**Your instructions:** Where a line of the listing below includes the word "Poster", reproduce that line.

**Stored data:**

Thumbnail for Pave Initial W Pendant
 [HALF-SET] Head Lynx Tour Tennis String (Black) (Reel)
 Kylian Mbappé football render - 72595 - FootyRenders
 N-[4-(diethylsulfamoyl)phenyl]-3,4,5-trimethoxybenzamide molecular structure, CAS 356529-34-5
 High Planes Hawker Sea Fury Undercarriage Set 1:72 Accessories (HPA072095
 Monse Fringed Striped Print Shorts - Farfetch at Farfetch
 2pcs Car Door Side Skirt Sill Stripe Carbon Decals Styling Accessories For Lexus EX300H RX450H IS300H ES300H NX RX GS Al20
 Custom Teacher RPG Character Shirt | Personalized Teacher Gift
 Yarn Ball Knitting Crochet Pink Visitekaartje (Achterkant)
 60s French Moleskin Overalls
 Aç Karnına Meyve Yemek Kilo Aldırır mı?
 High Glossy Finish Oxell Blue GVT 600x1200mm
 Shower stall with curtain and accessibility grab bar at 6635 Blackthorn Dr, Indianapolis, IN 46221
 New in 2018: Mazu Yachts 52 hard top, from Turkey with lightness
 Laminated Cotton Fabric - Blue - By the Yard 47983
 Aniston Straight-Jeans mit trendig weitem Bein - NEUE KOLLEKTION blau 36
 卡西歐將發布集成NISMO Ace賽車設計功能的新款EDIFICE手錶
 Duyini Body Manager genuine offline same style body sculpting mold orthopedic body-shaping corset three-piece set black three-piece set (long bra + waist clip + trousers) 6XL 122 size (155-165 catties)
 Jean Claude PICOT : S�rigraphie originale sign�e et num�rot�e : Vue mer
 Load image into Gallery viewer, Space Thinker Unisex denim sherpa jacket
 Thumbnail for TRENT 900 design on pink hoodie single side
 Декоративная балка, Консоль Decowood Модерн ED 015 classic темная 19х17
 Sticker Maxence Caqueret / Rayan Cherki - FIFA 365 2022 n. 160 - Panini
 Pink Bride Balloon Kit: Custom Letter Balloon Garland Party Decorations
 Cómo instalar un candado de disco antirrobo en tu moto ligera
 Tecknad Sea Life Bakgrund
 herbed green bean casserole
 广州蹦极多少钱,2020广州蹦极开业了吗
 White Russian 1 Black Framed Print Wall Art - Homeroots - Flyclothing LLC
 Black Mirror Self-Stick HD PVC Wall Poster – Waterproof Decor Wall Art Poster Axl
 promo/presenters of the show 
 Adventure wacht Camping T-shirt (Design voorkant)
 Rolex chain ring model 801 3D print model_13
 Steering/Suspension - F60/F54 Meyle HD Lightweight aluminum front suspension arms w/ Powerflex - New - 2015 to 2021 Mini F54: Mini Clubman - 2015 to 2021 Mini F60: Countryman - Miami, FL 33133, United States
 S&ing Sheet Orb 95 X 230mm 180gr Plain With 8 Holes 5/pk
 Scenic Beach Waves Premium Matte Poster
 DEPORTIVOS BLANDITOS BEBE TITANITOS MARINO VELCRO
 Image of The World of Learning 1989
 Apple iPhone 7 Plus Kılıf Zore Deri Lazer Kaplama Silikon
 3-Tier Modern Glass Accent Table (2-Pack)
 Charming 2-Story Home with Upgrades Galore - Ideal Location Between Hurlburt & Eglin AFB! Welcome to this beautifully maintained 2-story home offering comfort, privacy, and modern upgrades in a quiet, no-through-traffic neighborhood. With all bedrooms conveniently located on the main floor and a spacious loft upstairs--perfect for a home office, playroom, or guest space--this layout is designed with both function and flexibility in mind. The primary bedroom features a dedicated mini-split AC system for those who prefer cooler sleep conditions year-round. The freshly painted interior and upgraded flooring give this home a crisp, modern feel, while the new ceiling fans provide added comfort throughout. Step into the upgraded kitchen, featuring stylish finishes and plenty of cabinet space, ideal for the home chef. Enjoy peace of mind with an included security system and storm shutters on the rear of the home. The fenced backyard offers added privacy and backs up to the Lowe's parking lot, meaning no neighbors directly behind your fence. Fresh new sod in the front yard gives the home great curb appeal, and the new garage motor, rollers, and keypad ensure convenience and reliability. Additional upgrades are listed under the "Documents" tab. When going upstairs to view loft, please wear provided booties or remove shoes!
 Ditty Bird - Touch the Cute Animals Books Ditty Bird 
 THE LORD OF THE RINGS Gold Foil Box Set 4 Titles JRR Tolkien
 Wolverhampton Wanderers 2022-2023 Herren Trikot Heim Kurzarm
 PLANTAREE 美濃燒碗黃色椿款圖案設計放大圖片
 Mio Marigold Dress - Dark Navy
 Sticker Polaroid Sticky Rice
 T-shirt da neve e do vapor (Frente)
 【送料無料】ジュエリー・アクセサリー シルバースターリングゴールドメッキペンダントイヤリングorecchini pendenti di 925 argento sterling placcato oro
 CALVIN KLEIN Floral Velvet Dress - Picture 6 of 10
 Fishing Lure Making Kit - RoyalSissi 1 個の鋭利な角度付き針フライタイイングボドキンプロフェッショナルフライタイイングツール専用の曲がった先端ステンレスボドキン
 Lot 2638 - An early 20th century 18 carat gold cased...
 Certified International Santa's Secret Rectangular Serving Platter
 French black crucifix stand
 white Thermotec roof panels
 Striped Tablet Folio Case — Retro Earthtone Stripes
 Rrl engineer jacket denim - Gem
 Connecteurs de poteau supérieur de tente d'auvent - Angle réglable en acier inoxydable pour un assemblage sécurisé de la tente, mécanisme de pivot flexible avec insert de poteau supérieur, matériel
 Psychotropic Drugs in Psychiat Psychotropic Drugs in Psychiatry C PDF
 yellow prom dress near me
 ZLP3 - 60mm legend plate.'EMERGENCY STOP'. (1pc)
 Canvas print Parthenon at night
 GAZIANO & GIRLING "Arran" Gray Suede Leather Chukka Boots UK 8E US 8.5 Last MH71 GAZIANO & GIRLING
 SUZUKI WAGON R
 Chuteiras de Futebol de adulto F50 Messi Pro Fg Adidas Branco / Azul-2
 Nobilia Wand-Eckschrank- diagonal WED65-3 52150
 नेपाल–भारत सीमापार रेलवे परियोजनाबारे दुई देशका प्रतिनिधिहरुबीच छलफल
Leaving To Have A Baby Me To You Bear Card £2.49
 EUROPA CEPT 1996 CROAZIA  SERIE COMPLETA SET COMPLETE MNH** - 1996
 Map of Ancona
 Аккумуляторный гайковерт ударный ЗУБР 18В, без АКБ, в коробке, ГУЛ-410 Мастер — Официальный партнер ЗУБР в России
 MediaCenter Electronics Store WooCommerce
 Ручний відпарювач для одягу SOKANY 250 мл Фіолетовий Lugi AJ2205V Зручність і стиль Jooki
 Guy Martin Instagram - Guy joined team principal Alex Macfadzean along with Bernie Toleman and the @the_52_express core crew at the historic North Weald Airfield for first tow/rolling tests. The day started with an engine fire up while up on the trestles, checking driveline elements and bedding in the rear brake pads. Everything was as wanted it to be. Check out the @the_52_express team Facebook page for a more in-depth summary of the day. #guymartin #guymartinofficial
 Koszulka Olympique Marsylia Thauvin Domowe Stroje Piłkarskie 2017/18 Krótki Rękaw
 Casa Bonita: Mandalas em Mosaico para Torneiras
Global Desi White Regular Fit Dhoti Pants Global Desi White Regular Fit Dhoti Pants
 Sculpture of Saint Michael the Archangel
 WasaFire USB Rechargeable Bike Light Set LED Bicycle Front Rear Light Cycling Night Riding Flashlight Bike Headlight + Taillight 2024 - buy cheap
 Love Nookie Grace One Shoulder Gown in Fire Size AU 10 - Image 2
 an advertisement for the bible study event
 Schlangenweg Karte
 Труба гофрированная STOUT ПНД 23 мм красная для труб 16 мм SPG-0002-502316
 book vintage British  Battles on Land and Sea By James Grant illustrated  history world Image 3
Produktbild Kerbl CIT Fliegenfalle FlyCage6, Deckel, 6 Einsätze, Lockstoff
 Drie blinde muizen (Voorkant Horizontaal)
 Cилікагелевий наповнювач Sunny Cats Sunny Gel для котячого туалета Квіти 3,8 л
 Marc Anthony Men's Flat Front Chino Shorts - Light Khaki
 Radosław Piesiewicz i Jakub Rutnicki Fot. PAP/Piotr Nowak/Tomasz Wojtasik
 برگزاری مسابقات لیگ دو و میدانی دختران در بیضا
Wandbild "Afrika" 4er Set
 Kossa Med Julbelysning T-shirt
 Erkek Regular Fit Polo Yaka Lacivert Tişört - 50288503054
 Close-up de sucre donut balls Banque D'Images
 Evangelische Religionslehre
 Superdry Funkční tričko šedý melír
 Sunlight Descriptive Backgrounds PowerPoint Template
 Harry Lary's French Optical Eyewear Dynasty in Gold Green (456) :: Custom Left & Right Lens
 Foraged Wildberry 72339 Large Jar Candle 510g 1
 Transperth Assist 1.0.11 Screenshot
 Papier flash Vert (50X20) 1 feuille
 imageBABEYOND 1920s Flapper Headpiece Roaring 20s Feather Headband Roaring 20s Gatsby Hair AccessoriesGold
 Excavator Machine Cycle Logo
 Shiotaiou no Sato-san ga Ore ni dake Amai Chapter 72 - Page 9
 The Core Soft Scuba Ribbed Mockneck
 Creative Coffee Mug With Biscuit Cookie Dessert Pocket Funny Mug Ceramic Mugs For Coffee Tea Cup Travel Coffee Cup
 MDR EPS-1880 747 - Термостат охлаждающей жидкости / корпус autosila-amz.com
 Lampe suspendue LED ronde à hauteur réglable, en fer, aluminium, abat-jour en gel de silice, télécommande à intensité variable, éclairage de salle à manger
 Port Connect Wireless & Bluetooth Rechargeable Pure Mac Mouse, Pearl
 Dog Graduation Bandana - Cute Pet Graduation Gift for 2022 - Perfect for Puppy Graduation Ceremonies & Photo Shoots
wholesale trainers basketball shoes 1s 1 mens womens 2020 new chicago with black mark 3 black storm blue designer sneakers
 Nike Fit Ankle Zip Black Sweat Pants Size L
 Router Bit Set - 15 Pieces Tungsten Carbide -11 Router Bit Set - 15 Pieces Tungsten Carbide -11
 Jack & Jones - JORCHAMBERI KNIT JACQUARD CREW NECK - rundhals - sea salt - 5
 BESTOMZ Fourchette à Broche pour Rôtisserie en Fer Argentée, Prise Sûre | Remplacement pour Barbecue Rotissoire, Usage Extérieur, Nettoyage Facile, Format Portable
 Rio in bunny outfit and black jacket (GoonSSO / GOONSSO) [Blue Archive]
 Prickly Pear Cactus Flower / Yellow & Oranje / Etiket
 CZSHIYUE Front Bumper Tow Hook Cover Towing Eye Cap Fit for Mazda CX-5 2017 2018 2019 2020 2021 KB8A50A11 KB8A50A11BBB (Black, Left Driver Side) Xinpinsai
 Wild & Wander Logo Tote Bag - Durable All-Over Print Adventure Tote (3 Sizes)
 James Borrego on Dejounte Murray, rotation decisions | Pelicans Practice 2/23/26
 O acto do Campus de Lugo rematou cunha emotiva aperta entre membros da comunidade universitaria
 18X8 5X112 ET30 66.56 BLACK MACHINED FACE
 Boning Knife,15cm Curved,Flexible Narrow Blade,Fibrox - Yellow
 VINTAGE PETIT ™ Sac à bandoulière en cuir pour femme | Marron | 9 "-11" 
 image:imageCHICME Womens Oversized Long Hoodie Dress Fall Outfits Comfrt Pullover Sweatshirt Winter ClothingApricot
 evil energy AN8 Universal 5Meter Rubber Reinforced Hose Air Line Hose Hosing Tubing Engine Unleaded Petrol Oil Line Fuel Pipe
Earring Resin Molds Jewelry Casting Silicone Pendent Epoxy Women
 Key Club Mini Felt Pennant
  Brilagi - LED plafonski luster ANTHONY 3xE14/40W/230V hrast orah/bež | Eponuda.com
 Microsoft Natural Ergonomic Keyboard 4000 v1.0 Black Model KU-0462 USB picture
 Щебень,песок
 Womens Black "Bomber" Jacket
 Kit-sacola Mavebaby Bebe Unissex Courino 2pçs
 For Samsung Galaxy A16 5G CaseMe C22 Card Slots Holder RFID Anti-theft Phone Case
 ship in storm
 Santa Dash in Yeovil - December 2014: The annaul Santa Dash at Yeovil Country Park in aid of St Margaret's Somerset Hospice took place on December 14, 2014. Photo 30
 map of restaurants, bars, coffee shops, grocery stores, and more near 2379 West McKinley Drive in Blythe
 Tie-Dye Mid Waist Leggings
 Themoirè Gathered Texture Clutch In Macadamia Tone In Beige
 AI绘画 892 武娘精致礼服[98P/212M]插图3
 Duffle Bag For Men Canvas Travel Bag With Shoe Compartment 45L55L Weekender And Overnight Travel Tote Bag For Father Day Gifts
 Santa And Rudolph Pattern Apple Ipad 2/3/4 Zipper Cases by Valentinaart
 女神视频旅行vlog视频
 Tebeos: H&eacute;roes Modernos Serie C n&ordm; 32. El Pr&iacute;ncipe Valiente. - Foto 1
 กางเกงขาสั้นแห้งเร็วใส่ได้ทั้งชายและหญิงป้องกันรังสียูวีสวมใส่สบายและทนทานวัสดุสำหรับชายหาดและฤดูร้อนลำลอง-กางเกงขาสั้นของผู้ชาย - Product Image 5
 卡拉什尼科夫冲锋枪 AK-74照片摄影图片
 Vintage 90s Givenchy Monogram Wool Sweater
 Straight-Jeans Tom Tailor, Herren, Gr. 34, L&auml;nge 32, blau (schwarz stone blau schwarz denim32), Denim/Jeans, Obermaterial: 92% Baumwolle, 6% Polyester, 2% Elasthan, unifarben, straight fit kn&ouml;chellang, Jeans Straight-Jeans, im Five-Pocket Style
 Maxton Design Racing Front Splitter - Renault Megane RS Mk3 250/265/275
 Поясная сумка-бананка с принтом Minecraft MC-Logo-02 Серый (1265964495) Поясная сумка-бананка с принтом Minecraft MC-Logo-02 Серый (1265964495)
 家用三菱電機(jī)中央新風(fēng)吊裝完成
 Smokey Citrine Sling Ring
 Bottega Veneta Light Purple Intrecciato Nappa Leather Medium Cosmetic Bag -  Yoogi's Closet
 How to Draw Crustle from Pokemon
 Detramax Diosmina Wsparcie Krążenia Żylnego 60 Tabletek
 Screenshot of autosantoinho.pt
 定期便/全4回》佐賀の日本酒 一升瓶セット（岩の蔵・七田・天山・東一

**Reply to the exercise:**
 Black Mirror Self-Stick HD PVC Wall Poster – Waterproof Decor Wall Art Poster Axl
 Scenic Beach Waves Premium Matte Poster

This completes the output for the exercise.